Des signes de changement se font sentir à La Cité des arts et
des nouvelles technologies de Montréal,
fondée en 1985 par Ginette Major et Hervé Fischer. Se concentrant
sur l’art et les nouvelles technologies, Images du Futur, un événement
international se tenant tous les étés depuis 1986, est maintenant
remplacé par Cybermonde. En présentant
des artistes qui travaillent avec les nouvelles technologies qui proviennent
de partout dans le monde, l’événement reste le même
dans son concept. Le changement du titre de l’événement coïncide
avec les transformations rapides qui ont cours dans l’industrie. Comme
le nouveau titre le suggère, nous vivons maintenant dans un monde
qui était encore l’an dernier celui du futur. En 1995, La Cité
des arts et des nouvelles technologies de Montréal a ouvert Le Café
ElectroniqueTM, le premier du genre, qui avec ses 40 ordinateurs permet
aux visiteurs d’explorer l’Internet ainsi qu’une vaste collection de CD-Roms.

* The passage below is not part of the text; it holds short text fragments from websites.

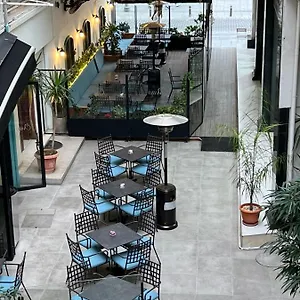 Onar , Larnaca Cypr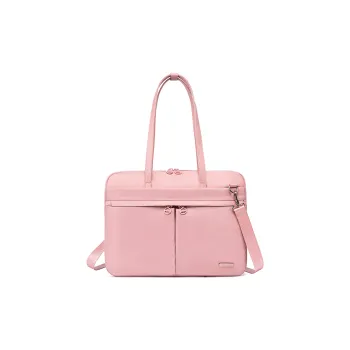 Chantria Nylon Laptop Bag Women's Multicolor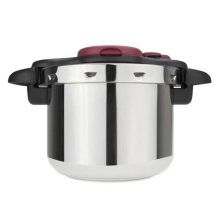 زودپز 6 لیتری تفال مدل TEFAL CLIPSO MINUT EASY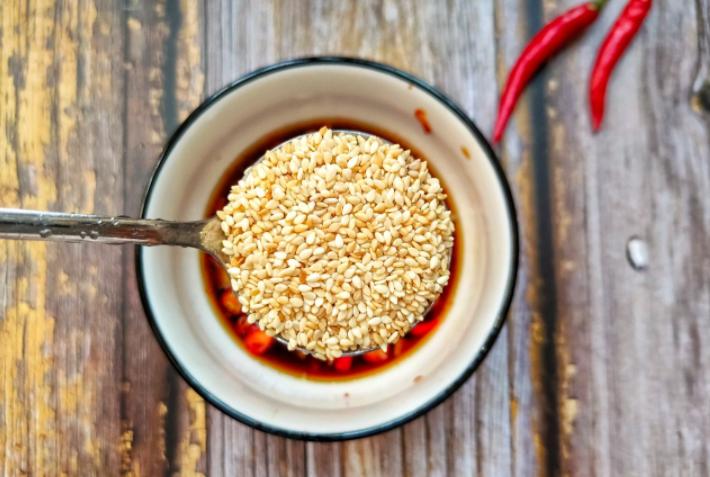 冷锅串串做甜品,冷锅串串自己做料汁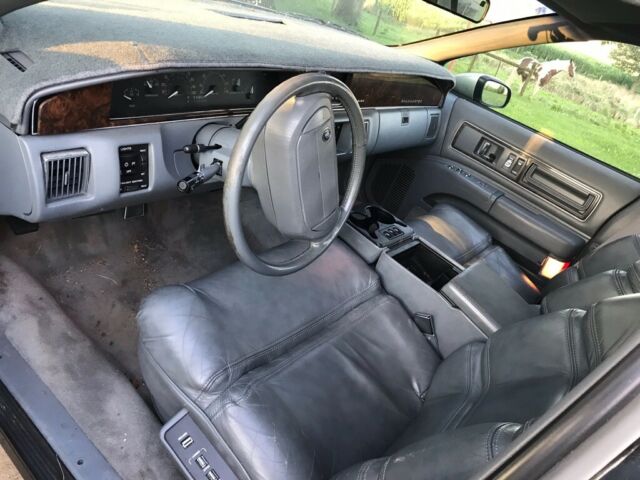 1992 Buick Limited Roadmaster - photo 5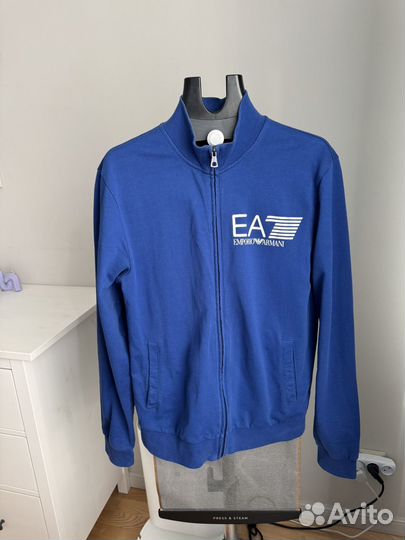 Кофта EA7 оригинал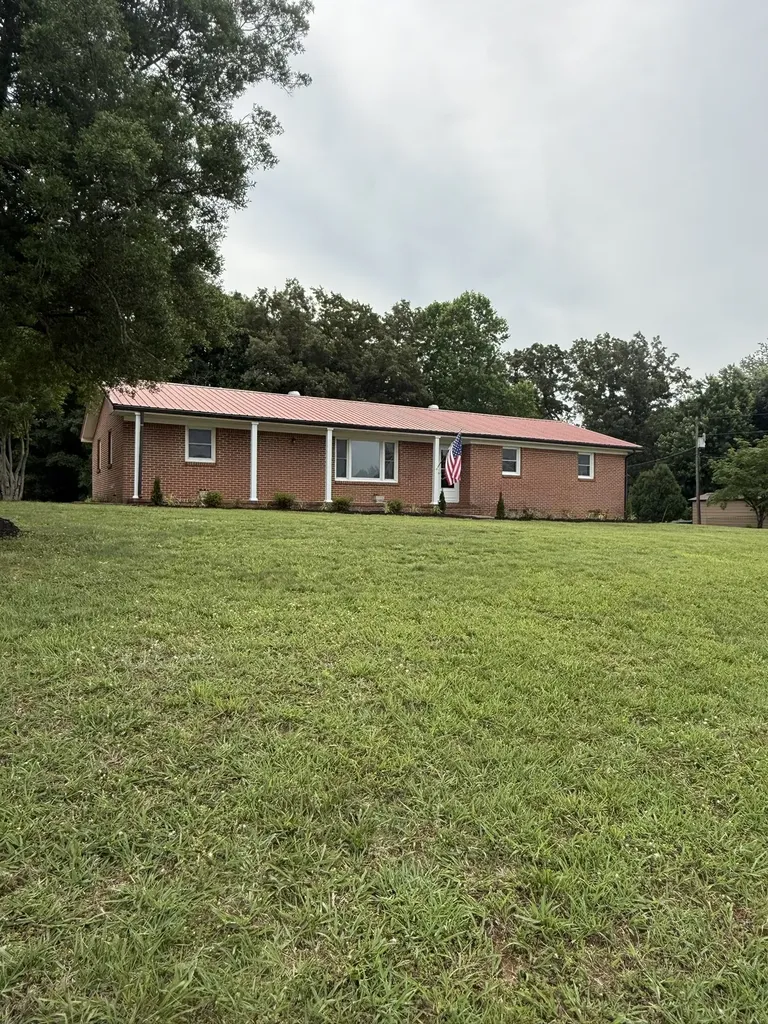 3750 Yager Road Mcminnville TN 37110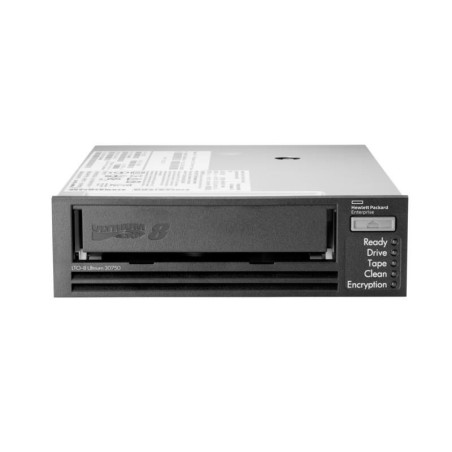 Hewlett Packard Enterprise LTO-8 Ultrium 30750 - High-Capacity Databånd | BC022A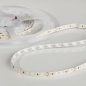Preview: Flex Stripe 24V, 4.8W, 2700K, CRI90, 60LED, IP20, 8mm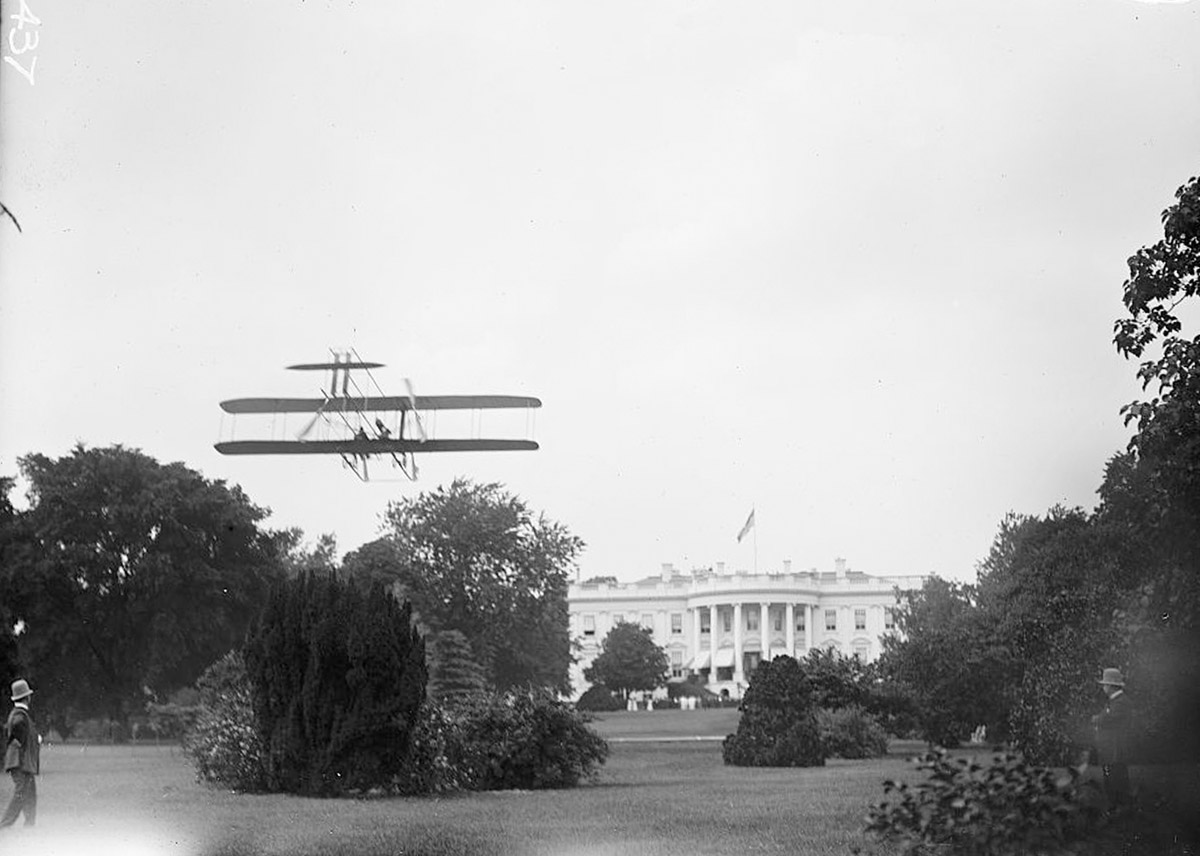 Wright Flyer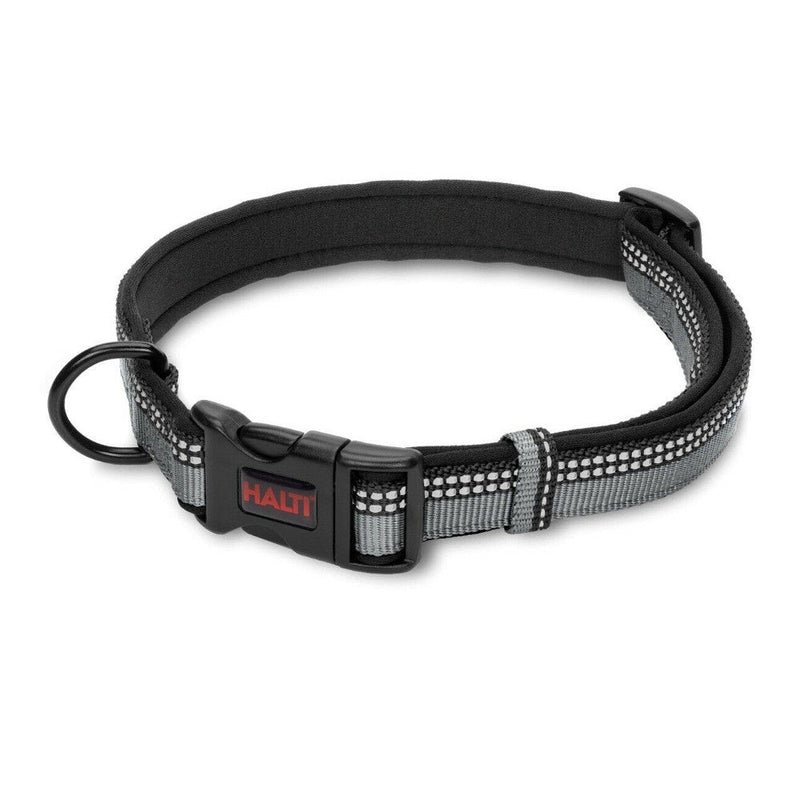 COA Halti Comfort Padded Collar - Black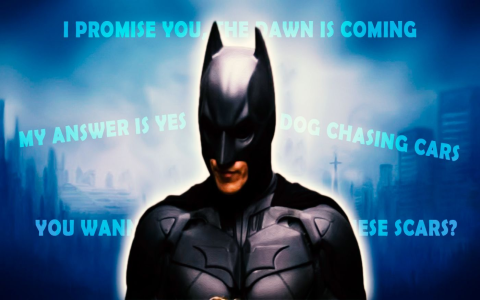 Best Film Set Quotes: Iconic Movie Lines Explored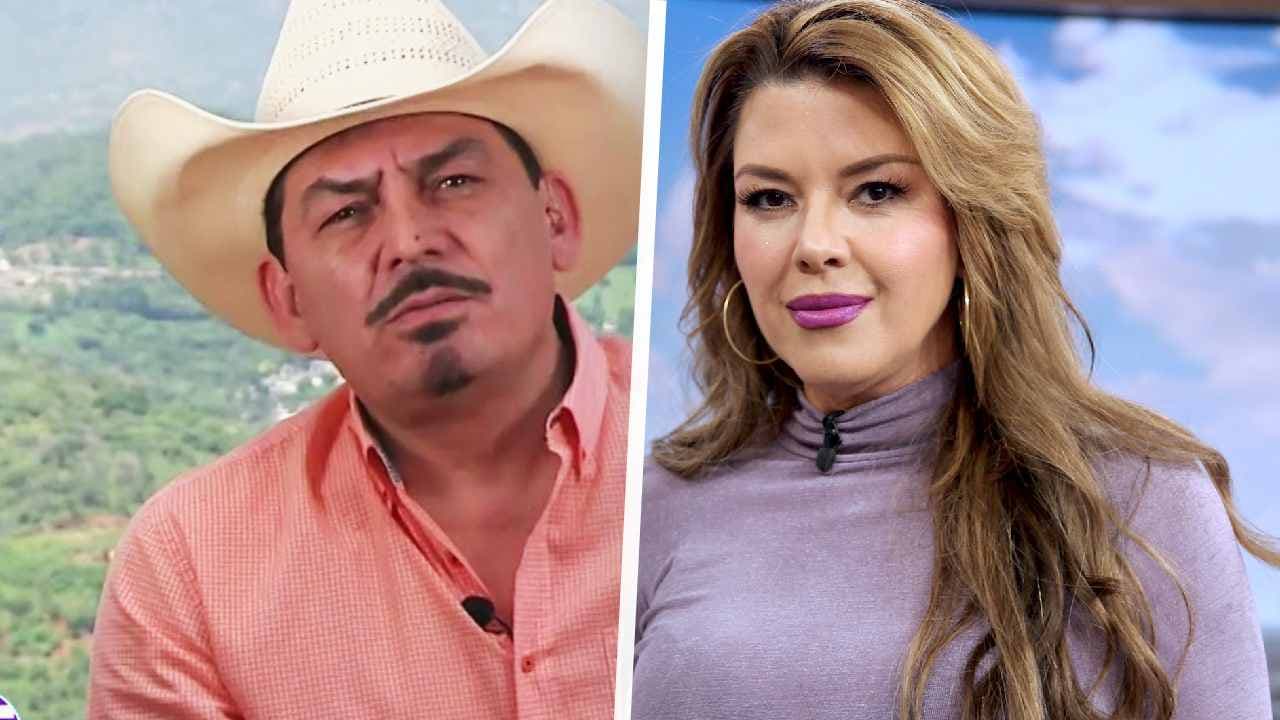 “Parece que todavía está resentida y dolida”: José Manuel Figueroa reacciona a declaraciones de Alicia Machado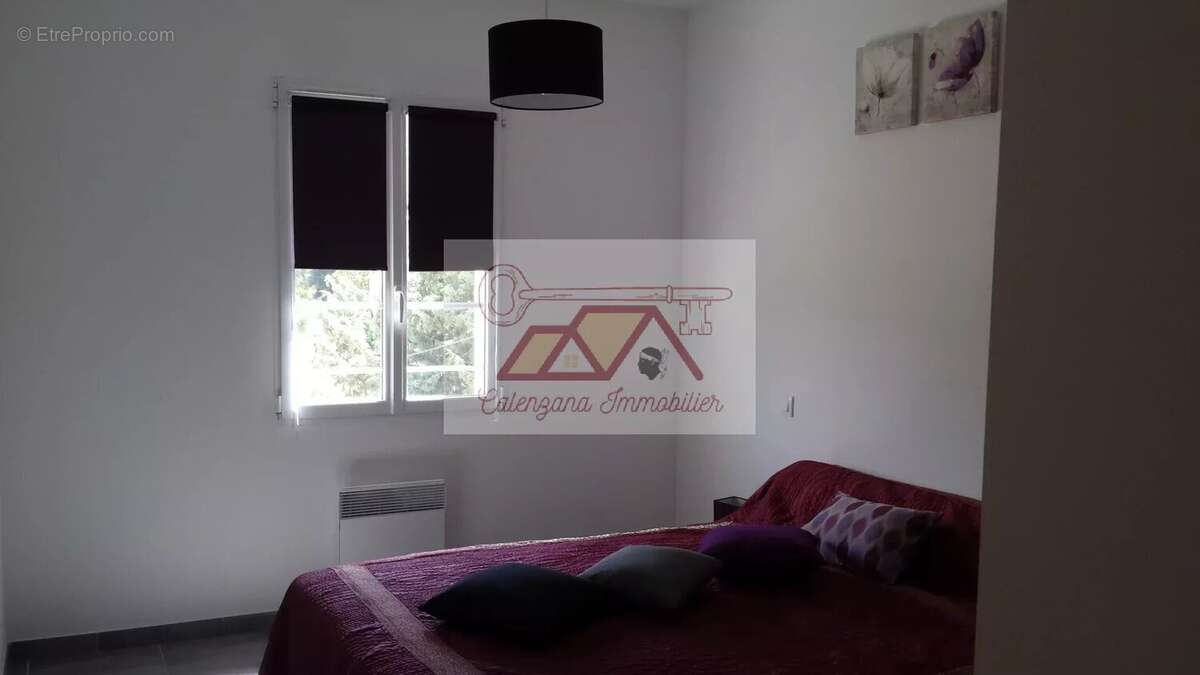 Appartement à CALENZANA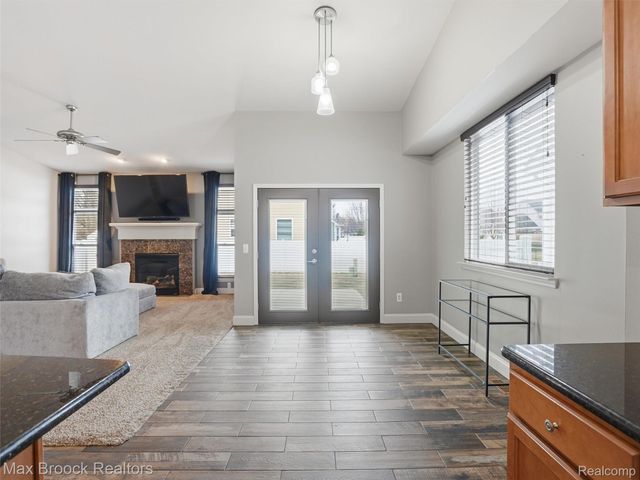 57103 Decora Park Boulevard, New Haven Village, MI 48048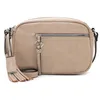 Image de Tamaris Nele Crossbody Bag Taupe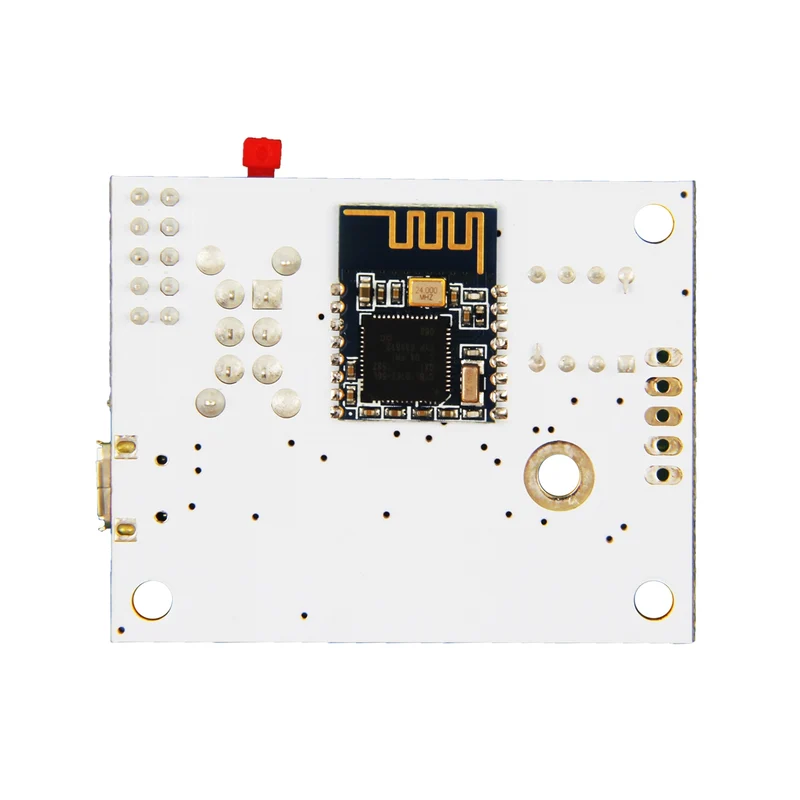 BlueStack Micro+ (iOS Version)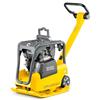 WACKER DPU2550H PLATE COMPACTOR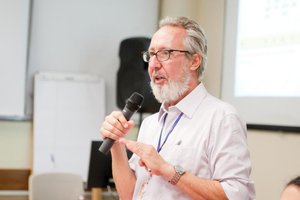 Sergio Velho Junior / Fiocruz / Divulgação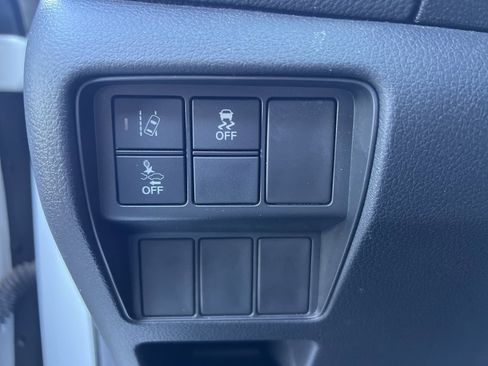 Certified 2020 Honda CR-V EX image 27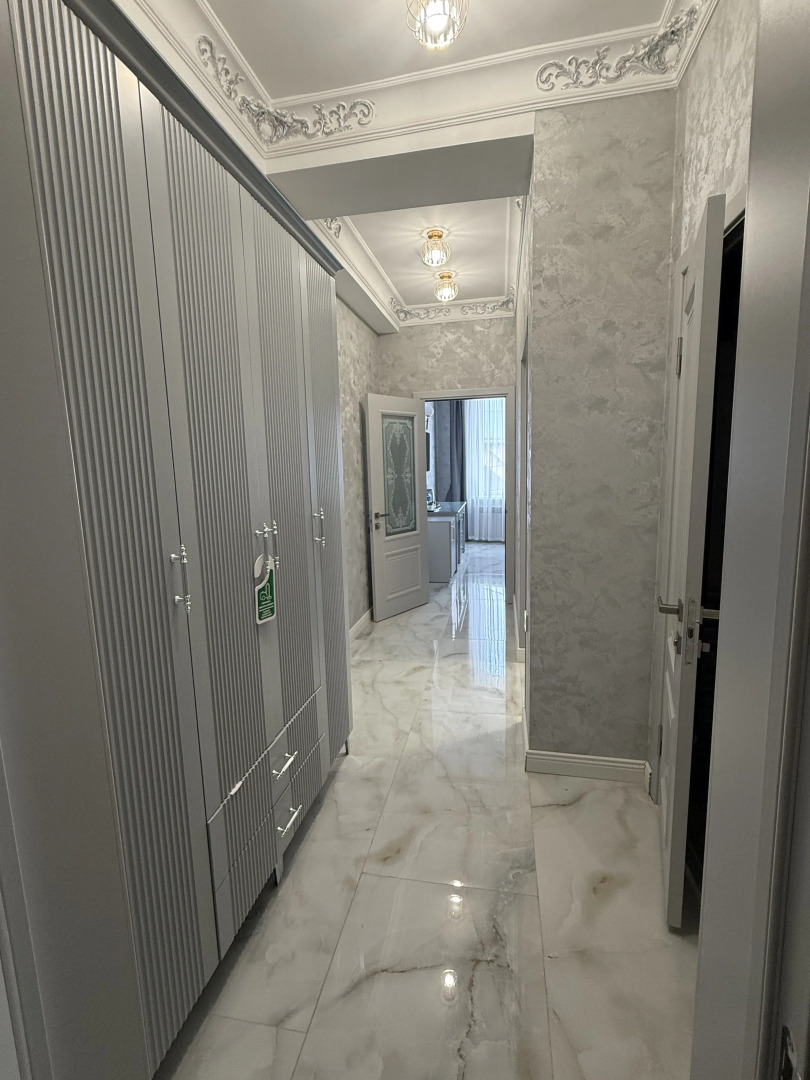 Гостевой Дом Аба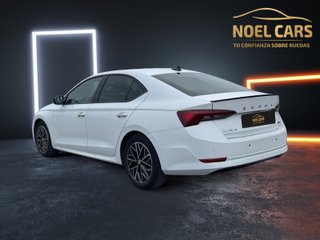 Skoda Octavia 1.5 TSI m-HEV 110kW(150CV) DSG Selection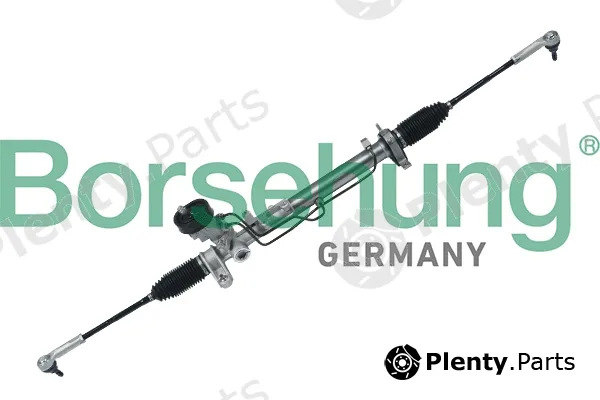 Borsehung B11327 — Steering Gear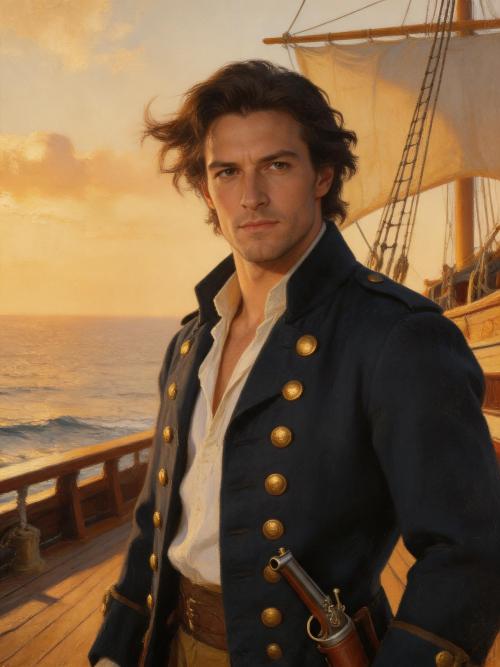 Rowan Vane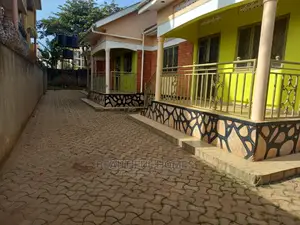 Furnished 2bdrm Apartment in Kyaliwajjara, Central Division for Sale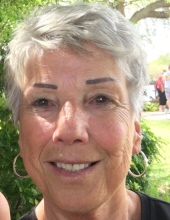 Joan M. Riedle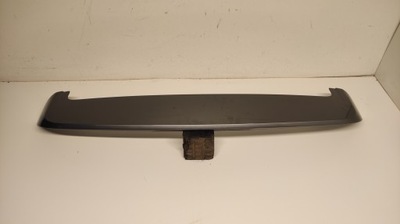 Hyundai ix20 спойлер спойлер крышки zar 09- фото №1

Les activités de La Cité des art et des nouvelles technologies
de Montréal s’orientent vers le grand public et par dessus tout
vers les enfants à qui des ateliers et des tours guidés sont
offerts afin de les familiariser avec le potentiel des nouvelles technologies.
Cybermonde offre une formation aux élèves des niveaux primaires
et secondaires ainsi qu’à leurs professeurs.
Le milieu des arts et des nouvelles technologies s’élargit avec l’ouverture
prochaine d’un méga-complexe dédié au cinéma et aux nouveaux médias. La
3 e Manifestation Internationale Vidéo et Art Électronique,
Champ Libre, qui s’est tenue l’automne dernier aux Foufounes Electriques
a ouvert une section multimédia pour la première fois, Salon
média, qui contenait un programme de CD-Rom, de même qu’un
programme Internet présentant des sites Web au contenu artistique.
Selon François Cormier, le coordonnateur de l’événement,
le Salon était au départ une expérience, mais il a
été bien accueilli et s’est intégré naturellement
au programme général. François Cormier a la certitude
que le Salon fera dorénavant partie de la prochaine Manifestation.
De plus, le Festival International de Cinéma et de la Vidéo
de Montréal a été rebaptisé Le Festival International
du Cinéma et des Nouveaux Médias. L’édition
1996 de l’événement incluait un espace distinct dédié
aux nouveaux médias sur le boulevard Saint-Laurent (près
du Cinéma Parallèle), le Media Lounge. Aucun signe de manque d’intérêt ne pouvait être distingué,
bien au contraire, l’endroit était rempli de visiteurs curieux,
surtout des jeunes. Les projets Web présentés lors de l’édition 1997 du Festival sont
toujours accessibles sur le site.
Il semble bien que les organisations culturelles accordent une place de plus
en plus importante aux nouveaux médias. Non seulement s’adaptent-elles
à cette nouvelle réalité, mais elles l’accueillent,
en y participant activement et en la construisant. Le milieu de l’art et
des nouvelles technologies à Montréal offre un ensemble varié
de possibilités aux artistes et au public et leur permet d’accéder
aux nouveaux moyens d’expression et de communication. Ce milieu montre
une base solide pour une évolution future. Dans ce contexte, l’ouverture
de Technoboro ne constitue pas un événement isolé
et des développements dans cette direction font partie d’un réel
courant qui se dégage par une diversité d’initiatives qui
se complètent les unes les autres. Les nouvelles technologies n’appartiennent
pas à un groupe fermé d’enthousiastes, ne représentent
ni un dieu ni un démon, elles sont devenues accessibles à
tous et ont fourni des outils aux artistes qui peuvent enrichir le langage
de l’art. Bien que les technologies en soi ne garantissent pas des miracles,
de plus en plus d’artistes commencent à maîtriser leur utilisation.
Lorsqu’elles sont exploitées comme des instruments, qu’elles deviennent
ainsi invisibles, les artistes peuvent élargir leurs possibilités
d’expression et les doter de valeurs humaines.